On Tuesday, Attorney General Raúl Torrez held a press conference to talk about violent crime, gun violence and policy solutions that could make a difference. He said the event’s primary purpose was to “elevate the voice of front-line police and prosecutors” in policymaking.
“I am profoundly upset and, frankly, angry about the lack of progress that has been made, specifically with regard to gun violence,” Torrez said in opening the event. That’s because, he said, he’s not just the Attorney General of the State of New Mexico – he also calls this community home.
Torrez was joined by nearly two dozen law enforcement leaders and prosecutors from across the state who shared compelling stories of their own experiences with gun violence. Many described frustration with a system that seems unwilling to listen to them or even to victims, despite the fact they’re the ones most directly impacted by violent crime and gun violence. And while they said they may not always agree on some specifics, they’re united in their willingness to engage on the issues – and in their belief in the need for urgent action.
Torrez wrapped up the event by noting that ongoing conversations around addressing crime would be difficult but are essential to building a community that is peaceful and safe.
Read the Albuquerque Journal’s coverage of the event here.
During the rest of the afternoon, panels of law enforcement and prosecutors told their stories. Sheriffs and police chiefs from across the state discussed what they see as root causes of New Mexico’s continued struggles with violent crime, like the availability and affordability of drugs and guns. And, there are other disturbing trends that don’t have simple answers, like younger and younger offenders, increasingly violent domestic disputes, and altercations that escalate more rapidly than ever, sometimes leaving no time at all to talk calmly with suspects.
District attorneys and prosecutors talked about a shift in public rhetoric that seems to regard them as heartless lawyers just looking for a conviction, where they were once perceived as public servants working for the public good. They also warned against legislative proposals that threaten to erode important justice institutions like the grand jury or put suspects’ rights above victims’.

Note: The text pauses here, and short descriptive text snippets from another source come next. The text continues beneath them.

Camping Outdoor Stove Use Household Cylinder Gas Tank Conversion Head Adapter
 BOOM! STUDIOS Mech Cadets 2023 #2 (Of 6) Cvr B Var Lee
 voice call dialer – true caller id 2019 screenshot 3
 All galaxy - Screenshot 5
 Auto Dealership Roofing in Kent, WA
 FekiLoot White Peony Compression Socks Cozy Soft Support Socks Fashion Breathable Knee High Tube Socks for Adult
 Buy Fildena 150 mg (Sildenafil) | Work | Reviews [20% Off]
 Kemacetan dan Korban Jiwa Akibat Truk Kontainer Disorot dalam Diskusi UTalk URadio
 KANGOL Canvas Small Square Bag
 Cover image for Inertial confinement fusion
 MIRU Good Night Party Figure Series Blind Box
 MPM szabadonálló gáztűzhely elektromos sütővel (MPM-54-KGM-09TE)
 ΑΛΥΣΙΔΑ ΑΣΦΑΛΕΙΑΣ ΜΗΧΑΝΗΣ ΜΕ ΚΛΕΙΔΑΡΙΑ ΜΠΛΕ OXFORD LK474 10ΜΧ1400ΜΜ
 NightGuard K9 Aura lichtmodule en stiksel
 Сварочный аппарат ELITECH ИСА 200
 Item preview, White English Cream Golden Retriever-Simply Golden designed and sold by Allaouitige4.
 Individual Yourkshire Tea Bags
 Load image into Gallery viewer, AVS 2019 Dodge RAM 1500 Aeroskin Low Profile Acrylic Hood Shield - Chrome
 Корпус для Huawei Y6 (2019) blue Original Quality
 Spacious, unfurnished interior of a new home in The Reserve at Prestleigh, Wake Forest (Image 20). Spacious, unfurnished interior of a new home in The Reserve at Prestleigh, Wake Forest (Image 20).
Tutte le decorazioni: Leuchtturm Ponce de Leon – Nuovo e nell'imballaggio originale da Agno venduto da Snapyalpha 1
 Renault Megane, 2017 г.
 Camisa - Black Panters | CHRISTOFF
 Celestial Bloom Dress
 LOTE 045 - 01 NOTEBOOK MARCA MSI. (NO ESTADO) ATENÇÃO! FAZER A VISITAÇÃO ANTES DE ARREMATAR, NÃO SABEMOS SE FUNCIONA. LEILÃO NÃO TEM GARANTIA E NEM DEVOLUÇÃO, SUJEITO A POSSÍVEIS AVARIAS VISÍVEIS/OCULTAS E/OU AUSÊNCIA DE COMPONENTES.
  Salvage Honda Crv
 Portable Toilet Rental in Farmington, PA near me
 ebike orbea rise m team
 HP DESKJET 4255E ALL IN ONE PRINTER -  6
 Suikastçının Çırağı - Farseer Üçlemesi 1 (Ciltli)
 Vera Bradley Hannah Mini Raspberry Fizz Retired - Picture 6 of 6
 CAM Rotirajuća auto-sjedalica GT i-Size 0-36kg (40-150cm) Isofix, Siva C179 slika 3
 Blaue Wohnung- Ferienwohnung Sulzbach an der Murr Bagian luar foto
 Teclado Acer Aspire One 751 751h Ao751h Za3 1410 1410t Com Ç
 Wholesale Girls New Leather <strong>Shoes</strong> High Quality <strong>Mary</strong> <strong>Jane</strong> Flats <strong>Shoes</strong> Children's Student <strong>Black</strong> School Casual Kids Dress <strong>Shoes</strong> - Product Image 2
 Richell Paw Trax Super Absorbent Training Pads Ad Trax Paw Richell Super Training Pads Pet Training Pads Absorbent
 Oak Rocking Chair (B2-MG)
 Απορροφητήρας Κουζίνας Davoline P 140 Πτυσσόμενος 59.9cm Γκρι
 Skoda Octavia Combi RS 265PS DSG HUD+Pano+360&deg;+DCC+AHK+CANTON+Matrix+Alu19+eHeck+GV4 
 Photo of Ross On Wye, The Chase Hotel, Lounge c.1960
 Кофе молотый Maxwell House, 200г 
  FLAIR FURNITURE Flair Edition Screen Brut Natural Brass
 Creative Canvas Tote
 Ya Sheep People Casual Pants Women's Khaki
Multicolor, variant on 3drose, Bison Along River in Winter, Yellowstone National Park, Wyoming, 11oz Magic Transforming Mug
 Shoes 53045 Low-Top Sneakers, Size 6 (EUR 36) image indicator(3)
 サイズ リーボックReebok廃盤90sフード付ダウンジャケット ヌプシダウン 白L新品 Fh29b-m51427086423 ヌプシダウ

So how do we fix things? It won’t be easy, Torrez said.
“This is not the kind of thing that has one solution,” he said. “We’re going to have to attack the problem of public safety in general and gun violence in particular, with a variety of strategies that borrow from the experiences of law enforcement professionals, not just in the state system but in the federal system, too.”
But, he added: “There are solutions – and there are solutions right in front of our face.”
One solution is reworking the state criminal justice system to mirror the federal system in terms of detainment and sentencing, through better policies around pre-trial detention and more prescriptive penalties for violent crime. A boost in police recruitment probably requires better benefits and resources for officers – and an effective way to get the word out to younger people who might consider it as a career. And, investments in technology, especially in smaller communities with fewer resources, could go a long way in prosecuting and even preventing crime.
Throughout the conversations, panelists highlighted the importance of communication and collaboration, both between law enforcement agencies and between leaders in the justice system and policy makers.
Bernalillo County DA Sam Bregman said partnerships within the law enforcement community are stronger than ever. “Law enforcement in this community is working together as well as I think they’ve ever worked together,” he said. “I really believe there’s a complete, concerted effort to do something about this crime problem in Albuquerque.” But San Juan County District Attorney Rick Tedrow said state policymakers should work harder to get law enforcement input, especially since police and prosecutors are far too busy to effectively engage on legislation once it’s moving. “Where’s the outreach?” he said.
Torrez said the proposals discussed and agreed upon by the group would be drawn up in a report to share with the Legislature and the governor ahead of the 2024 legislative session.